RECORDS FOR PROCESSING –
------------------------------------

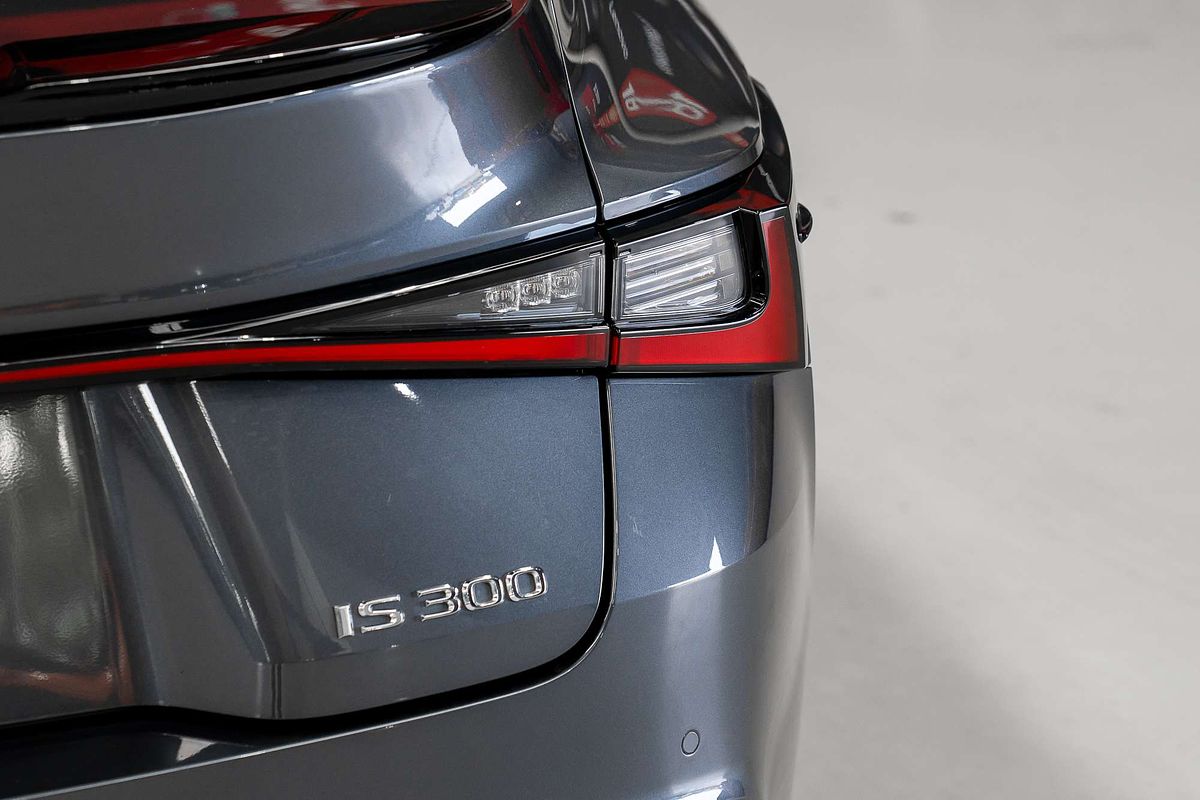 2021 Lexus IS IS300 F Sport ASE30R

------------------------------------

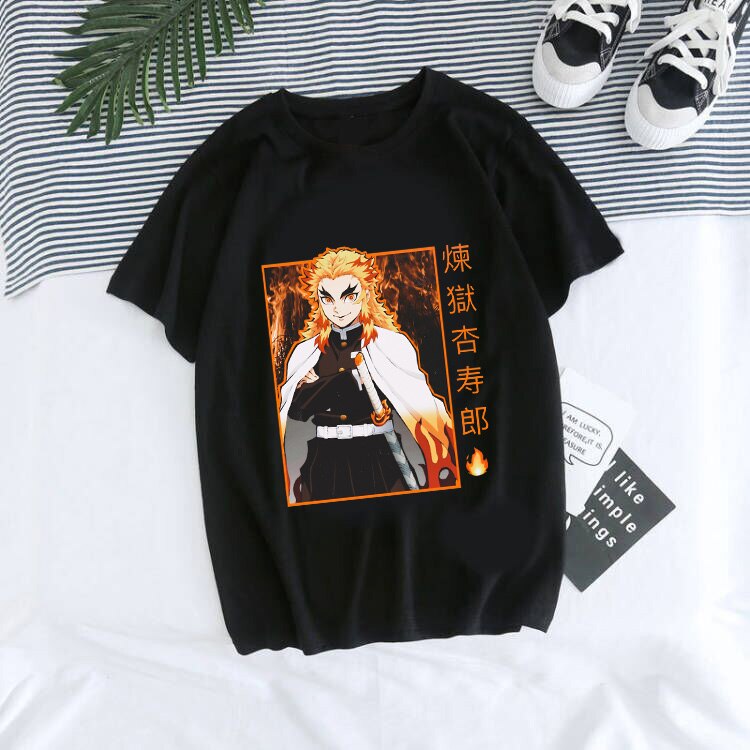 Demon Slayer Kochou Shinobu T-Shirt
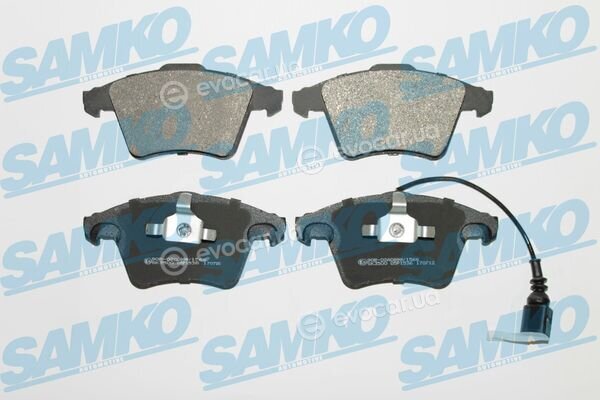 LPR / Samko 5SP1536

------------------------------------

WHAT IS NEEDED – Within the material above, find the part that opens with the line containing "Demon Slayer Kochou Shinobu T-Shirt" and closes with the line containing "LPR / Samko 5SP1536", and reproduce it exactly without the pictures.

SOLUTION TO THIS TASK –
 Demon Slayer Kochou Shinobu T-Shirt
 LPR / Samko 5SP1536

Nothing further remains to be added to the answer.